- Pane, undated
- Born: 5 February 1922 Padang Sidempuan, North Sumatra, Dutch East Indies
- Died: 25 January 1991 (aged 68) Yogyakarta
- Education: Islamic University of Indonesia University of Gadjah Mada
- Occupation: Lecturer
- Known for: Muslim Student's Association Activism
- Awards: National Hero of Indonesia

= Lafran Pane =

Indonesian academic (1922–1991)

Professor Lafran Pane (5 February 1922 - 25 January 1991) was an Indonesian academic who is best remembered for establishing the Muslim Students' Association and National Hero of Indonesia.

==Biography==
Pane was born on 5 February 1922 in Padang Sidempuan, North Sumatra, the younger brother of poet Sanusi and novelist Armijn Pane.

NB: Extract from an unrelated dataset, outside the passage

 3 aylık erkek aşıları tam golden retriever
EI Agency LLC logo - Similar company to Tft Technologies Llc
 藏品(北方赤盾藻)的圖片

By 1946 Pane was a student at the Islamic Higher School in Yogyakarta (now the Islamic University of Indonesia). In November of that year preparations began for an organization, based in Islam, which would unite university students of that faith and promote the social welfare of the Indonesian people. The Muslim Students' Association (Himpunan Mahasiswa Islam, or HMI) was formally established on 5 February 1947 by a group of 15 students, including Pane; however, only Pane is remembered as the organization's founder.

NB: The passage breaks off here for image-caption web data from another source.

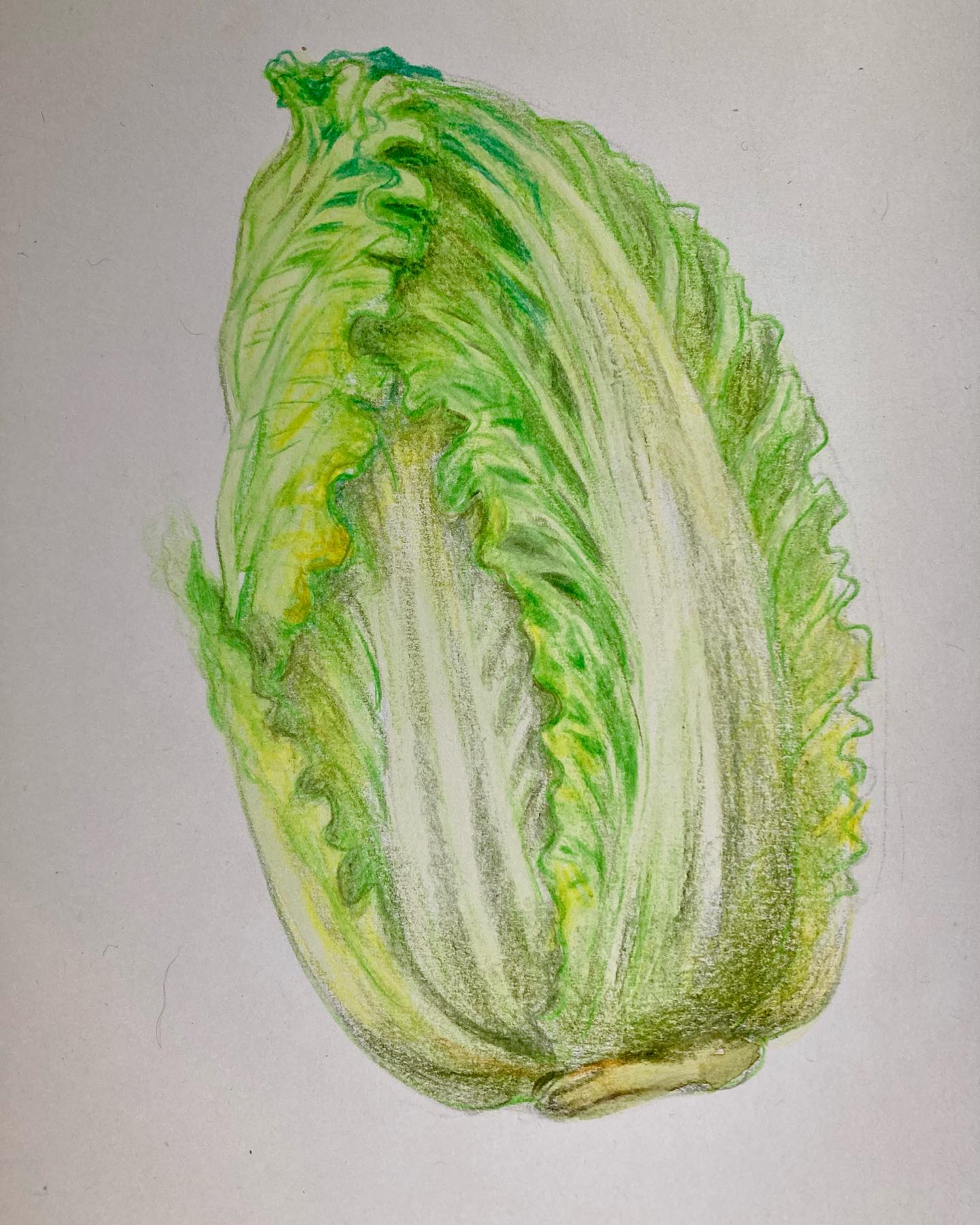 Le chou chinois selon la Diététique Chinoise!
Un dessin perso, ma recette préférée!
.
Le chou chinois est de nature légèrement froide, de saveur douce, de tropismes Poumon/ Gros Intestin/ Estomac/ Intestin grêle/ Vessie. Grâce à ses tropismes, il pourra agir sur les 3 Foyers, régulariser et désobstruer la Voie des Eaux. De saveur douce, il soutient la Rate et tonifie l’Estomac, dans son travail d’assimilation, de transformation,,en produisant les liquides de l’estomac. Étant de nature fraîche, il clarifie la chaleur du Poumon (pour traiter l’angine et la toux), il clarifie la chaleur de l’estomac (pour traiter la soif, faim intense et les brûlures), il clarifie la chaleur de la Vessie (pour traiter les cystites et infections urinaires). Il serait aussi intéressant pour traiter les distensions abdominales et colites.
Il a été prouvé que le chou, grâce à un acide aminé soufré qu’il contient, sera intéressant pour calmer les douleurs de l’estomac, dans le cas de brûlures, gastrites, hernies hiatales… Outre sa forte teneur en vitamines À, B, C, acide folique, le chou chinois, comme les autres choux a des vertus anti cancer interessantes surtout sur la sphère digestive, grâce à ses glucosilonates.
.
Attention toutefois à ne pas en abuser en cas de vide de Yang de la Rate (car de nature fraîche), ni de goitre et d’hypothyoïdie! A ne pas associer avec le réglisse Gan Cao!
.
Ma recette préférée: ma soupe au chou chinois, mais aussi cette recette de chou chinois au tofu sauté au wok! (Recettes sur mon blog, lien dans ma bio).
.
#chou #choux #chouchinois #chounapa #petsaï #alimentationéquilibrée #alimentsanté #alimentquisoigne #bienfaits #bienfaitssanté #dietetiquechinoise #madreperlamtc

A 1957 Media article wrote that the early years of the HMI were virtually indistinguishable from the life of Pane. Though in his later years Pane participated with the organization, he never took the position that he needed to be respected. Owing to his relatively low profile, he was sometimes not recognized when he arrived for meetings, and thus asked to sit outside; one member later recalled that he was sometimes mistaken for government intelligence, come to spy on the meetings.

Pane became a full professor at IKIP Yogyakarta (now Yogyakarta State University).

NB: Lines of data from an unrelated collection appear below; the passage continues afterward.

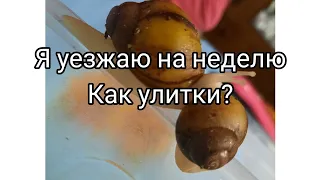 я должна уехать на 2 недели как будут улитки?#ахатина#улитка #ахатины #улика #улитка_ахатина_продам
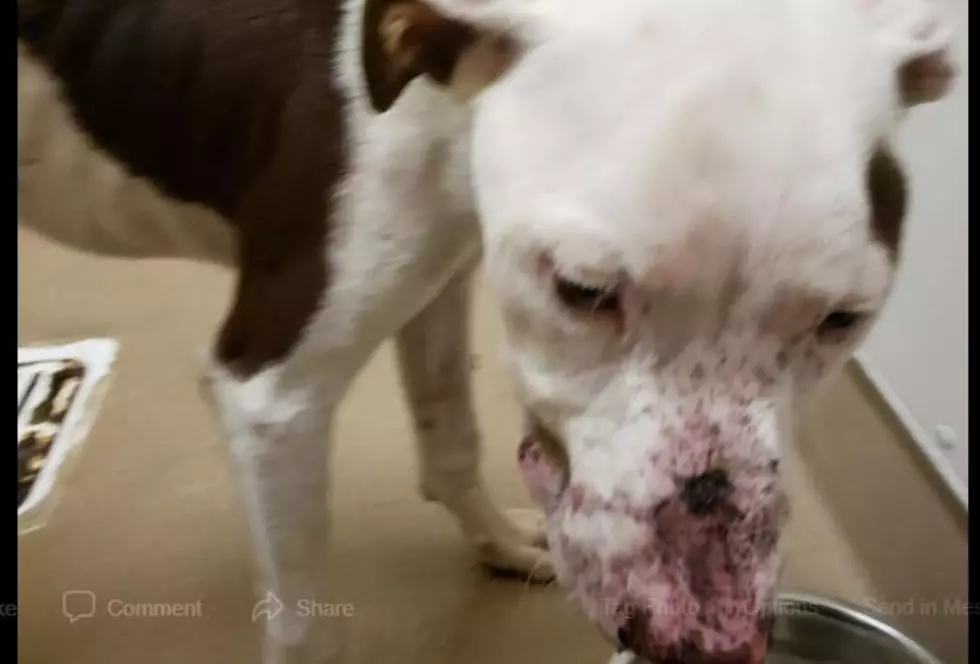 Dog Shot Through Muzzle, Donations Sought for Care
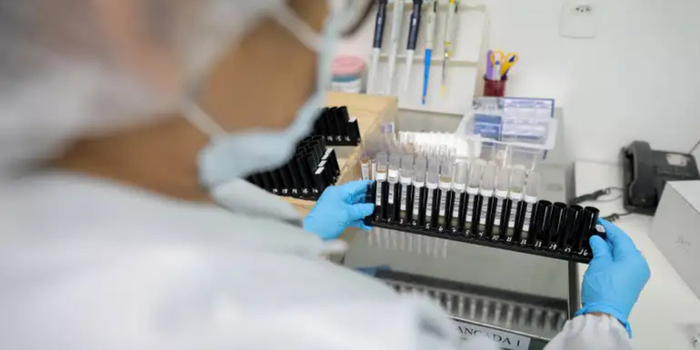Anvisa autoriza testes em humanos da Vivaxin, vacina brasileira contra a malária causada pelo Plasmodium vivax, responsável pela maioria dos casos no Brasil.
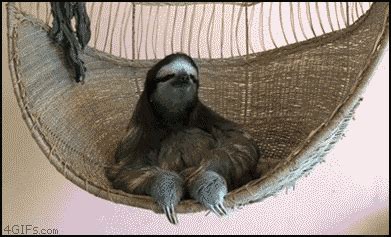 The 28 Funniest Animal GIFs Ever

Pane died after being struck by a motorcycle on 25 January 1991. He was buried in Karangkajen cemetery, together with Muhammadiyah's founder, Kiai Haji Ahmad Dahlan.< His second wife, Bisromah, died of a stroke on 9 March 2013. She was buried in the cemetery of the Kauman Grand Mosque, Yogyakarta. Together the couple had three sons.

==Legacy==
Lukman Hakiem, a former HMI leader and member of the People's Representative Council, considered Pane an intelligent yet simple figure who was open to criticism; Hakiem recollected that Pane, though a professor, would ride his bicycle rather than a car or motorcycle like other lecturers or his students. A 2013 article in the daily Republika wrote that, "sadly" ("sayangnya") Pane was not yet a National Hero of Indonesia.

At least one street is named after Pane, in Depok, West Java.